=== HOW TO COMPLETE THIS TASK ===
Each record must come back unchanged in your answer, stripped of its images.

[Captioned web images]

● ● ●

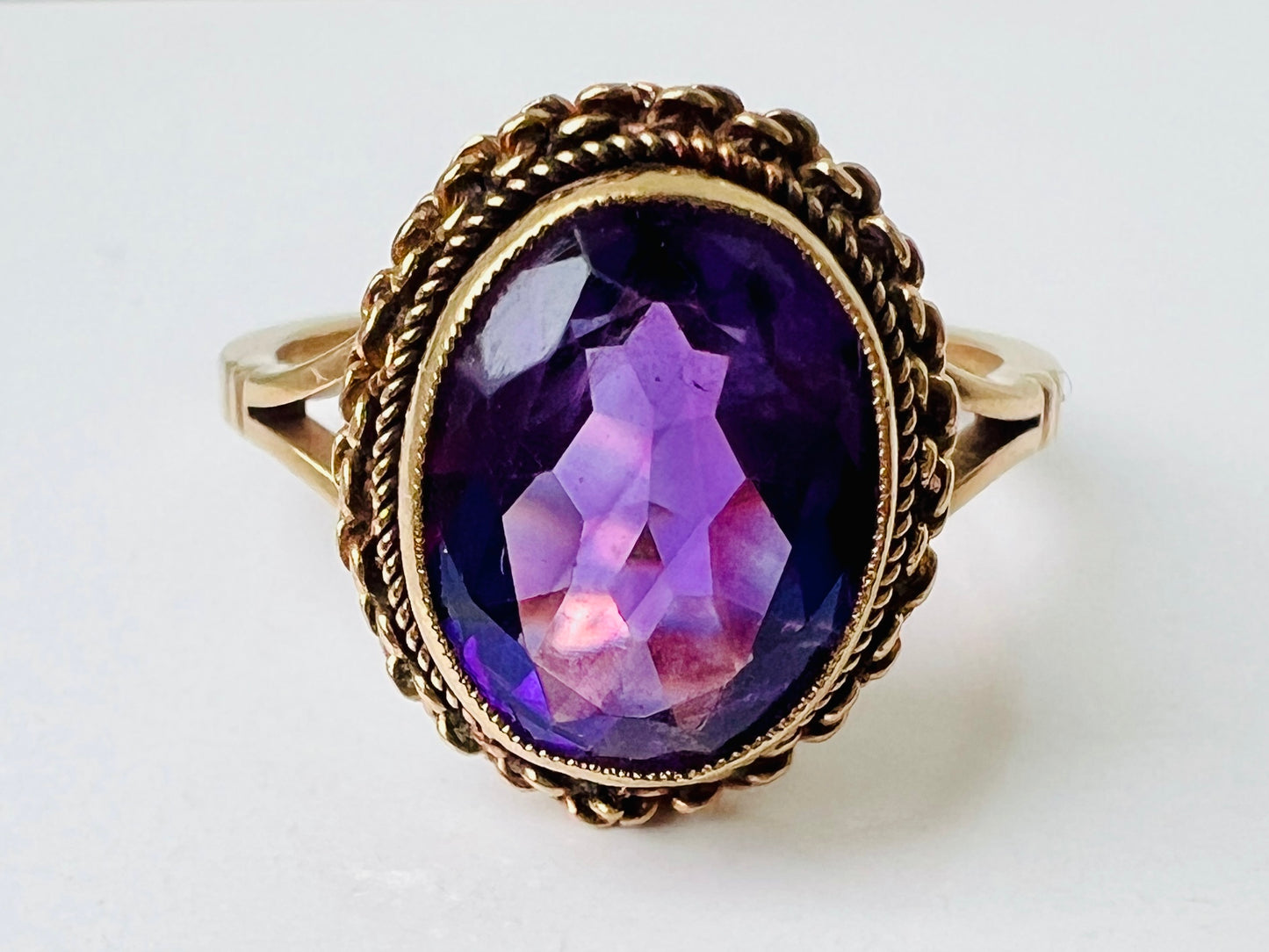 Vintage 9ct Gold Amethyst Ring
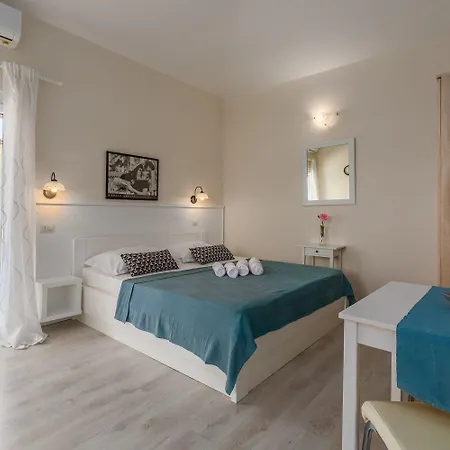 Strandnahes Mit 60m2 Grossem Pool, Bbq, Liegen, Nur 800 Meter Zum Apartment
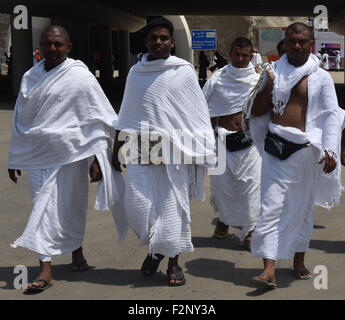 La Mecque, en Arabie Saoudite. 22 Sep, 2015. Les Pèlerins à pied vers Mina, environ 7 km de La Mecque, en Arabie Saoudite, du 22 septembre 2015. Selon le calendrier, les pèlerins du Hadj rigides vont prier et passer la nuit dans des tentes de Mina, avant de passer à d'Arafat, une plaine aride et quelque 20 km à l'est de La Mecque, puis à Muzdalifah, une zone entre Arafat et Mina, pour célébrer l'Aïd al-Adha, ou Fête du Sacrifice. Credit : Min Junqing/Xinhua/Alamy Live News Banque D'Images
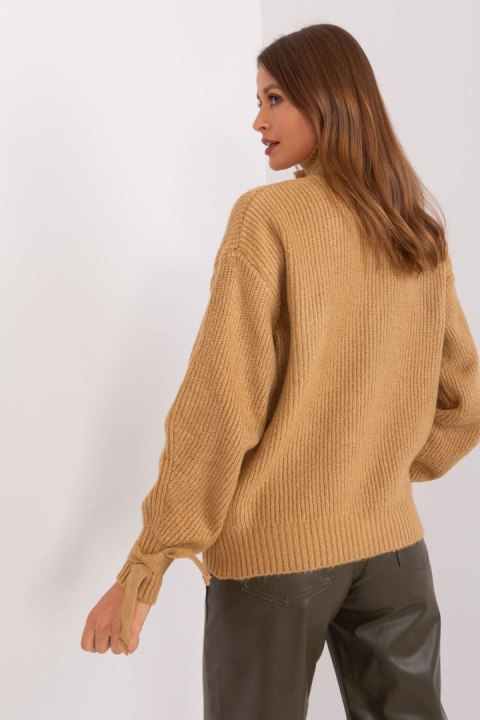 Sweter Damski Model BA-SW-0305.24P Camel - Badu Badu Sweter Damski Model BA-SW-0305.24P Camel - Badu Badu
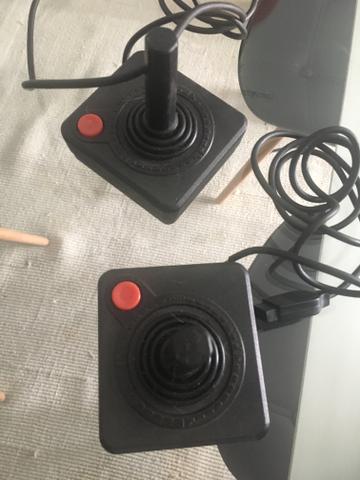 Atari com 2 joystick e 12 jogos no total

● ● ●

=== RESPONSE ===
 Vintage 9ct Gold Amethyst Ring
 Strandnahes Mit 60m2 Grossem Pool, Bbq, Liegen, Nur 800 Meter Zum Apartment
 La Mecque, en Arabie Saoudite. 22 Sep, 2015. Les Pèlerins à pied vers Mina, environ 7 km de La Mecque, en Arabie Saoudite, du 22 septembre 2015. Selon le calendrier, les pèlerins du Hadj rigides vont prier et passer la nuit dans des tentes de Mina, avant de passer à d'Arafat, une plaine aride et quelque 20 km à l'est de La Mecque, puis à Muzdalifah, une zone entre Arafat et Mina, pour célébrer l'Aïd al-Adha, ou Fête du Sacrifice. Credit : Min Junqing/Xinhua/Alamy Live News Banque D'Images
 Sweter Damski Model BA-SW-0305.24P Camel - Badu Badu Sweter Damski Model BA-SW-0305.24P Camel - Badu Badu
 Atari com 2 joystick e 12 jogos no total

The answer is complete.